From the line containing "Kit Kérastase Catarina" to the last line of the data, both included, transcribe each line exactly, leaving out pictures and adding nothing.

[[ Given material open ]]

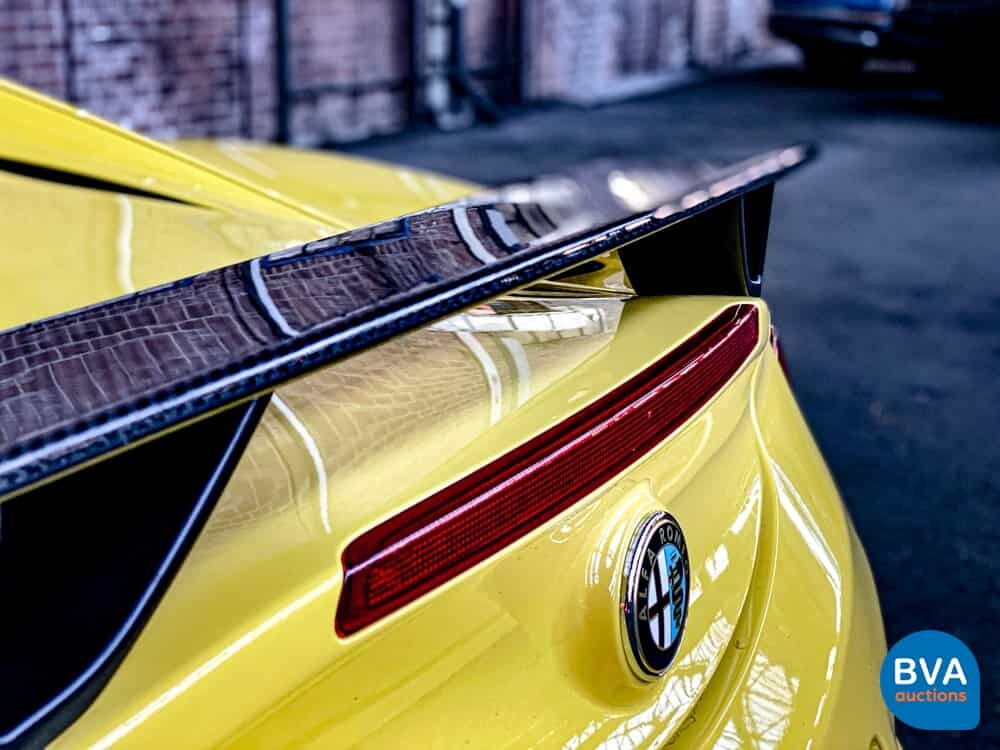 Alfa-Romeo 4C Spider 1750TBI CARBON TCT A6 240pk Cabriolet, PP-846-X.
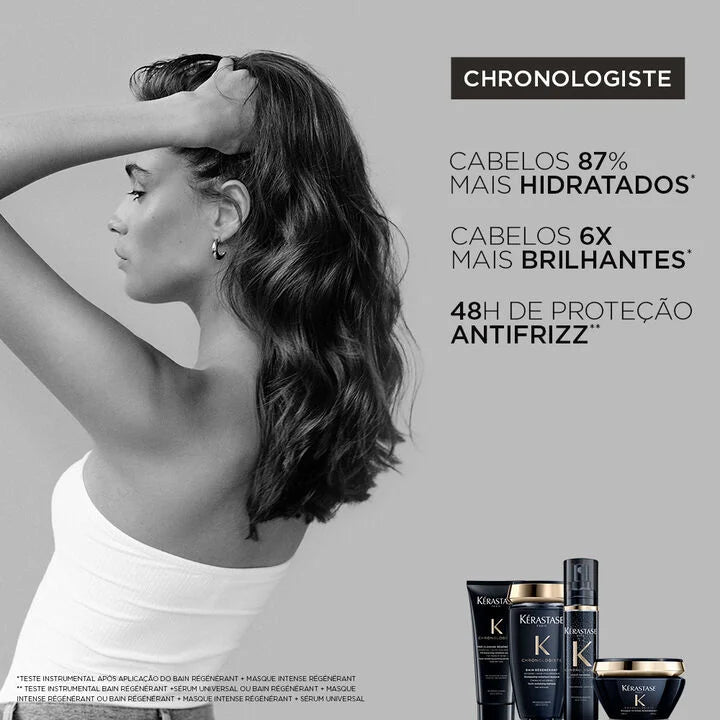 Kit Kérastase Catarina Tourinho - Chronologiste + Elixir Ultime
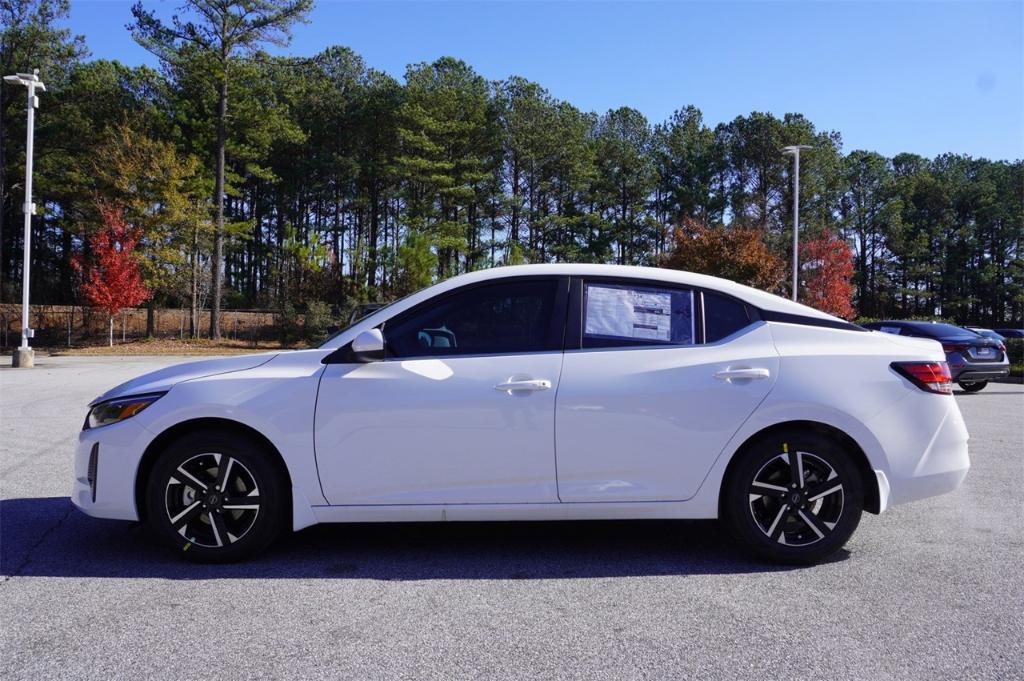 new 2025 Nissan Sentra car, priced at $22,285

[[ Given material closed ]]

* [Result of the task]
 Kit Kérastase Catarina Tourinho - Chronologiste + Elixir Ultime
 new 2025 Nissan Sentra car, priced at $22,285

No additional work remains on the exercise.